Rehearsal last night kicked ass

Last night’s rehearsal was both narrator chorus and large chorus, for the first time since October.  It really made me even more excited about the piece.  We’re still fighting through some notes and rhythms here and there, but I think that was to be expected.  What’s really exciting to me is that we’re making the emotional connection with the piece, and that’s so very important for what’s essentially an opera rather than a tone poem or some sort of symphonic piece.
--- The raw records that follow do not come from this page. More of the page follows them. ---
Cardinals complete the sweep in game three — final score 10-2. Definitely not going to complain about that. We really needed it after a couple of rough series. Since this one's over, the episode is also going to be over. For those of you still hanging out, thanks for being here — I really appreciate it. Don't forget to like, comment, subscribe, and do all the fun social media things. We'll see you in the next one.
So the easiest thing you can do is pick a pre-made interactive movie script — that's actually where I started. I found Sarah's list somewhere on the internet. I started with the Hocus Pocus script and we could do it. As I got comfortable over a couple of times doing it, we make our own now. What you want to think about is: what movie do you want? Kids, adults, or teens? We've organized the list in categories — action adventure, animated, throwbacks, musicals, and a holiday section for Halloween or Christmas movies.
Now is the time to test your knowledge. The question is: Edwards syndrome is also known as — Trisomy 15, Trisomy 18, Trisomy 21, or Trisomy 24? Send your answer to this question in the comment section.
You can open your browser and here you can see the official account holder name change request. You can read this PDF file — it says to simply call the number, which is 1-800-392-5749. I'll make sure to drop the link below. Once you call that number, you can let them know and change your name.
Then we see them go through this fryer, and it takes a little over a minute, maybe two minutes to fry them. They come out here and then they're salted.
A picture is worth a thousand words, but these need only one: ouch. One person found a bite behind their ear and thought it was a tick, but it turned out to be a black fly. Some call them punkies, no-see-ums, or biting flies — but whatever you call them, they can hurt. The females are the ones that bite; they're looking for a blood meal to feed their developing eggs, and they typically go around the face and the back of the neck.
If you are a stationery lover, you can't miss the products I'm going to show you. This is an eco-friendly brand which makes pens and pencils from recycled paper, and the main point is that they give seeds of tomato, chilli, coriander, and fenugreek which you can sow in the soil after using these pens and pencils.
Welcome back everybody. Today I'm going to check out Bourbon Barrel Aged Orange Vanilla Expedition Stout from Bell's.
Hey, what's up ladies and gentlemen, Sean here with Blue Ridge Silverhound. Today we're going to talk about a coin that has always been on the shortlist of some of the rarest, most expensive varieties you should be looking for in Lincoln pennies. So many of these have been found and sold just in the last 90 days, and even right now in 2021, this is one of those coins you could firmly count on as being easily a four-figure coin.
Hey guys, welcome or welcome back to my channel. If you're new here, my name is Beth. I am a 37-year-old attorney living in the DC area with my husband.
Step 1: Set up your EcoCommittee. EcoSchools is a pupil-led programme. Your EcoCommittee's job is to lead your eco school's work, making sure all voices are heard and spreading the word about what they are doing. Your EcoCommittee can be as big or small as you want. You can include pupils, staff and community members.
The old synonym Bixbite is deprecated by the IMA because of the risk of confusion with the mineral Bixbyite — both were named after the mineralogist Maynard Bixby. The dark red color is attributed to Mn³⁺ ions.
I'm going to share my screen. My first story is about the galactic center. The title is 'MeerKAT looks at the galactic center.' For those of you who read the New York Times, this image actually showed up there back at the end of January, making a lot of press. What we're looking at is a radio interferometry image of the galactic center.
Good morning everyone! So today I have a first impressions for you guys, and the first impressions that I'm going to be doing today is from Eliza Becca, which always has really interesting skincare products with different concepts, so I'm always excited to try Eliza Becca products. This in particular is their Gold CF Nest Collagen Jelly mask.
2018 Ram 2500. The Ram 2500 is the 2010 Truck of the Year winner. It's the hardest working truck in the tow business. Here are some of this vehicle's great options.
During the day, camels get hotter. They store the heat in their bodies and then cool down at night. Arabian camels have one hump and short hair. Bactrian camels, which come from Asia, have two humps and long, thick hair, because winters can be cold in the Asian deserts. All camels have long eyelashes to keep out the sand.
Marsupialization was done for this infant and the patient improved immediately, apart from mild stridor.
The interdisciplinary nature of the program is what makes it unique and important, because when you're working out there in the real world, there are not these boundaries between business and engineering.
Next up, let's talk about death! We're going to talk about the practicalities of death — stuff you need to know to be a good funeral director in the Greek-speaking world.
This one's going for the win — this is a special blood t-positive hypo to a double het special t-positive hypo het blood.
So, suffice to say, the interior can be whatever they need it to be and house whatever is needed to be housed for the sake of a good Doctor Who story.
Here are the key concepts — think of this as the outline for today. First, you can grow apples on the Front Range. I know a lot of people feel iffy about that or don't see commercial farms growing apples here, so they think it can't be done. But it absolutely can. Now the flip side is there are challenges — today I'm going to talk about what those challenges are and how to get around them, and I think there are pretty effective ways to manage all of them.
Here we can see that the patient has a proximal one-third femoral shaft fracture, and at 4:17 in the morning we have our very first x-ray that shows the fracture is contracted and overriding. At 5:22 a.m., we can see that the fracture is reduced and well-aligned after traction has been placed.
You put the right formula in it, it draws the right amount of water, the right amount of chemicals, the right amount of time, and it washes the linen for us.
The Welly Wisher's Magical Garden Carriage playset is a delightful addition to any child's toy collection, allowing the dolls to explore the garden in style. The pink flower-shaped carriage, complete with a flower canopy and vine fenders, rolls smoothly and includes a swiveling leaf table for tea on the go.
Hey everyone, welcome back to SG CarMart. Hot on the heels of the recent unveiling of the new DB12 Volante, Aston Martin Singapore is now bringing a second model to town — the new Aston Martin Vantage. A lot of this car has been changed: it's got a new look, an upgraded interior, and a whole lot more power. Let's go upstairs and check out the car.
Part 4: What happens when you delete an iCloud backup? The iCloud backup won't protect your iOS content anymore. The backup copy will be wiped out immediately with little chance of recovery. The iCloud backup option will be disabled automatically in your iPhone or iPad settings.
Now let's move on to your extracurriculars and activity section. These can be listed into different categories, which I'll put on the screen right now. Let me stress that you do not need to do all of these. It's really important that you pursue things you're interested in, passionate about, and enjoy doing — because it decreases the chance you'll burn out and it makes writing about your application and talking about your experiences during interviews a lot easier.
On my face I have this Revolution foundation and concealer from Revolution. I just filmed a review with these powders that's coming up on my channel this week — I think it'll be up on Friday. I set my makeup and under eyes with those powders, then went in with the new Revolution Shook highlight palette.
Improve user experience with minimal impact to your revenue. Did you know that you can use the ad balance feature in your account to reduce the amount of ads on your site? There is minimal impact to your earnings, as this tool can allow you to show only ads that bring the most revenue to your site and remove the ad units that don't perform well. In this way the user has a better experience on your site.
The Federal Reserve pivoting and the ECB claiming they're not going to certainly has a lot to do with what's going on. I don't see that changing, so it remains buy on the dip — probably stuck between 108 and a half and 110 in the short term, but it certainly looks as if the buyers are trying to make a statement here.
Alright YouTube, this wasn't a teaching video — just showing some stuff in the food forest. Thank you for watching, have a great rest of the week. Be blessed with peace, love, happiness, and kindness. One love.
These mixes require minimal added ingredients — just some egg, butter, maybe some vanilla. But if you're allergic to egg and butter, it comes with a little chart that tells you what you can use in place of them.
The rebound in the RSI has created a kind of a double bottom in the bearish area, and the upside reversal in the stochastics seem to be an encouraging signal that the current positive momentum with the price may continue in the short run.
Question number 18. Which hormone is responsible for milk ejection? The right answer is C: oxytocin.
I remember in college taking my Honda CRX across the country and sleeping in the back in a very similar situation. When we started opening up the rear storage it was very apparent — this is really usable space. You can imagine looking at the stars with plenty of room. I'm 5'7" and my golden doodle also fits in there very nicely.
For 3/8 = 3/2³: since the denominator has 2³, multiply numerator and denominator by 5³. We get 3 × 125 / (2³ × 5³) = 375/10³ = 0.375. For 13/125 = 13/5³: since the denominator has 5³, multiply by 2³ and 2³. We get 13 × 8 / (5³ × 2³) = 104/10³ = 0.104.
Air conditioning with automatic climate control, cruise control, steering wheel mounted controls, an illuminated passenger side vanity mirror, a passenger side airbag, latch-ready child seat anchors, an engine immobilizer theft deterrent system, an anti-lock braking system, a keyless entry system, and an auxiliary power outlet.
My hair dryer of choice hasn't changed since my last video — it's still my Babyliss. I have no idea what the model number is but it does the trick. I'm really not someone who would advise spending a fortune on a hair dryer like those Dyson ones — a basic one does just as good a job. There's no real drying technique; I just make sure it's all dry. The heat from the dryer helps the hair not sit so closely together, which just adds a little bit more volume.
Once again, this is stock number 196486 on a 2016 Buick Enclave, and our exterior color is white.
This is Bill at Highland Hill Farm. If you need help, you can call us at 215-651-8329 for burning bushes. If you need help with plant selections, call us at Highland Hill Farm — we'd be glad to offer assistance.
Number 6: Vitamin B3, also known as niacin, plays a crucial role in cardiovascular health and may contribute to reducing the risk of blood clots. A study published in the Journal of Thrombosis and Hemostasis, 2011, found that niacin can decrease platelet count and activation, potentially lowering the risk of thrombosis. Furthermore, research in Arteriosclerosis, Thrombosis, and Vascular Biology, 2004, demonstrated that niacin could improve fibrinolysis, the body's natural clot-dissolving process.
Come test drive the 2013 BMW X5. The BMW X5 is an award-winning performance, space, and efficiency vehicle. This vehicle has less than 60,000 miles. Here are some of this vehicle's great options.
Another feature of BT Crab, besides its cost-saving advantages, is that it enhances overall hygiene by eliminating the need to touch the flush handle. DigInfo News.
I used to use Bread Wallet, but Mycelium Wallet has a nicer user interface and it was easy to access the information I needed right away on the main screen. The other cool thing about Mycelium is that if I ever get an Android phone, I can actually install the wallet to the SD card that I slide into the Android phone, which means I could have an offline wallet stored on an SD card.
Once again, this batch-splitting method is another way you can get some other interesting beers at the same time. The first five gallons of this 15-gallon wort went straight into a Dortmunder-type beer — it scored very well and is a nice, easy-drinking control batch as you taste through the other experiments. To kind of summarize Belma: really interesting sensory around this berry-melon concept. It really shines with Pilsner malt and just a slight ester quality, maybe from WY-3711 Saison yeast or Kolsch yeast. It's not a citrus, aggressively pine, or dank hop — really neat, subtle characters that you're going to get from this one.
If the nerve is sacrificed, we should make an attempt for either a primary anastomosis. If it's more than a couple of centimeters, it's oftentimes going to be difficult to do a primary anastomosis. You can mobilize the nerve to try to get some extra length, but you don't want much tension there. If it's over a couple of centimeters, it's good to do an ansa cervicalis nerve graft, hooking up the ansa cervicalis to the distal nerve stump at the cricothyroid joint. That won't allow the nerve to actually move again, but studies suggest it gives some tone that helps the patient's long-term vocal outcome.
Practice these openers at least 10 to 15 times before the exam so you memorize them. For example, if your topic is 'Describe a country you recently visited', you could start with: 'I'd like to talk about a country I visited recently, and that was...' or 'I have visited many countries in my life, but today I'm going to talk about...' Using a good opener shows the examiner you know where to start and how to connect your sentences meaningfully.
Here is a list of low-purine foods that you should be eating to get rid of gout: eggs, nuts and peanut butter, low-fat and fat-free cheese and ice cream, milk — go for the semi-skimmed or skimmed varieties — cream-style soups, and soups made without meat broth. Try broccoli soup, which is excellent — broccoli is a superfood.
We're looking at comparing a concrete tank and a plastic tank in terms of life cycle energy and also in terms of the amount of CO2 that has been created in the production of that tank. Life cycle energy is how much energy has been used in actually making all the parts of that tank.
Our narrator chorus is particularly impressive.  I’m especially pleased with the way the sopranos sound, since they have to achieve these floating high notes with light texture in some places.  Some of the crazy lines the narrator chorus has to sing have exquisite ornamentals that really twist and turn, but they’re nailing them.  John Oliver joked about the tediousness of their narrator-chorus-only rehearsals: “Can you imagine, line after line of ‘And he said’, ‘And Jesus said,’ ‘And they said’ ?”  Putting it all together is a relief for both choruses.

As for memorization, I don’t think I saw anyone without the book in their hand.  I tried whenever possible to close the thing so I wouldn’t rely on it — technically it was our “off book” rehearsal, but ever since John Oliver and Sir Colin Davis made the decision to allow us to keep the scores on stage, no one’s been up tight about glances here and there.  It’s clear though that for some passages we NEED to be looking up to catch an accelerando or rallentando if we don’t want to get left behind.  For instance, at one point some of the women finished a particularly tough passage about 1 bar after the rest of the chorus.  John looked at them and said, “Oh, you must have the revised edition.”

Tomorrow we do the remaining movements and see where we’re at.  I feel like I have the whole piece down now (sort of), and could perform it shakily from memory at gunpoint if I had to.